In the SDSS-based taxonomy, Dares is a dark D-type asteroid. It is also characterized as a D-type by Pan-STARRS' survey.

=== Rotation period ===

In February 1994, a rotational lightcurve of Dares was obtained over five nights of observation by Stefano Mottola and Anders Erikson using the ESO 1-metre telescope at La Silla Observatory in Chile. Lightcurve analysis showed a well-defined rotation period of 18.995±0.028 hours with a brightness variation of 0.24 magnitude (U=3).

In October 2013, photometric observations in the R-band by astronomers at the Palomar Transient Factory in California gave a concurring period of 18.967 hours with an amplitude of 0.23 magnitude (U=2).
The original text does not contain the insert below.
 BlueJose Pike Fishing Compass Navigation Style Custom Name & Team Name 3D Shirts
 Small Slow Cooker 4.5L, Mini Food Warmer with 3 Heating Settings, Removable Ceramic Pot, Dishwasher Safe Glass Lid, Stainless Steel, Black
=== Diameter and albedo ===

According to the survey carried out by the NEOWISE mission of NASA's Wide-field Infrared Survey Explorer, Dares measures 42.77 kilometers in diameter and its surface has an albedo of 0.067, while the Collaborative Asteroid Lightcurve Link assumes a standard albedo for a carbonaceous asteroid of 0.057 and calculates a diameter of 44.22 kilometers based on an absolute magnitude of 10.5.

== Naming ==

This minor planet was named by the discoverer from Greek mythology after the Trojan Dares, one of Aeneas' wandering companions (Aeneads) who were not killed or enslaved by the end of the Trojan War. The official naming citation was published by the Minor Planet Center on 25 August 1991 (M.P.C. 18647).